What size/kind of tire did you use?
How gnarly was that steep descent on dirt?
Any bad washboard ?
I've often thought of the ride since familiar w it from driving it- but no bail out and poor re-supply options. Good to hear its do-able


----------



## ispoke (Feb 28, 2005)

I've been using 33mm Jack Brown tires on my blue bike for a few years now and really like them. They're equally adept at urban potholes & railroad tracks as well as dirt roads and heavy load hauling.

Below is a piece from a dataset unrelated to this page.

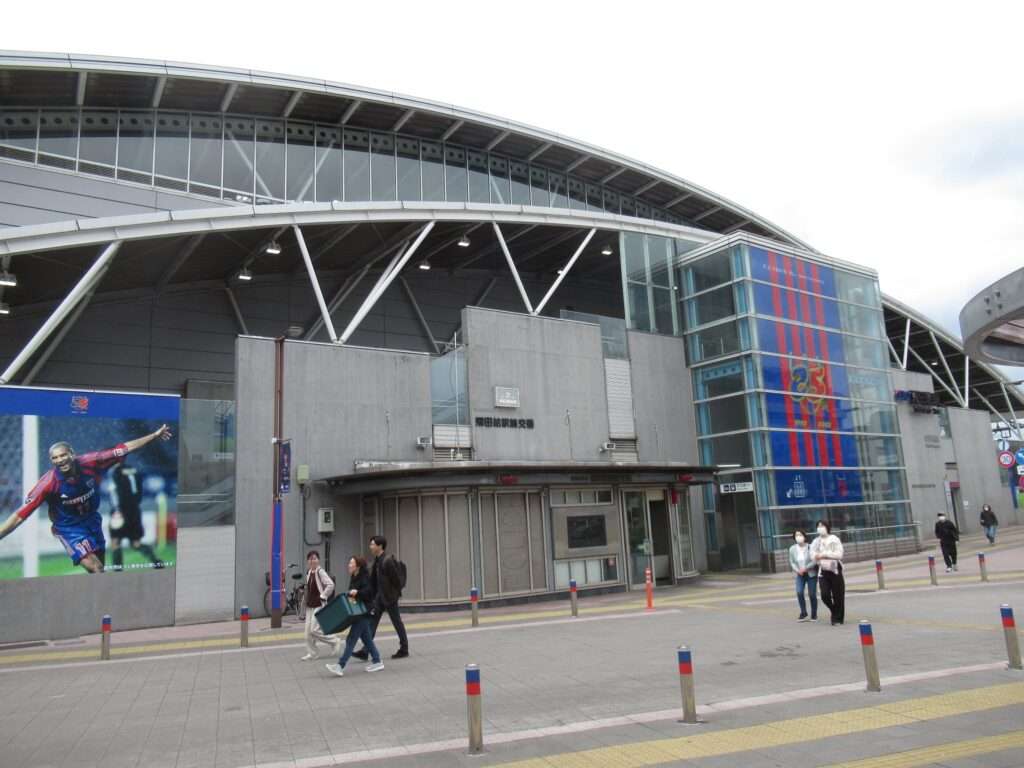 飛田給駅(京王電鉄)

The large climb and descent is on pavement south of Buffalo Creek. So no dirt to worry about there. The dirt road along the S. Platte River hugs the shoreline, so grades are mild. There are some sections with washboard. Sometimes I rode near the middle to avoid the worst. Other times near the edge but it was gravelly. It goes hand-in-hand with unpaved routes. That said, 'roadies' using high pressure 25mm tires would enjoy it less. Next time I'll probably try the route on my green bike with the 28mm Roly tires.

With food and drinks in Buffalo Creek and Deckers, nourishment shouldn't be an issue. I have two small kids at home and am woefully out of shape. So on a day with temps rising into the 90s, I was taxed by the end. But on a milder day I'd encourage any eager rider to give it a go. And there's no dealing with the crowds up on I-70...


----------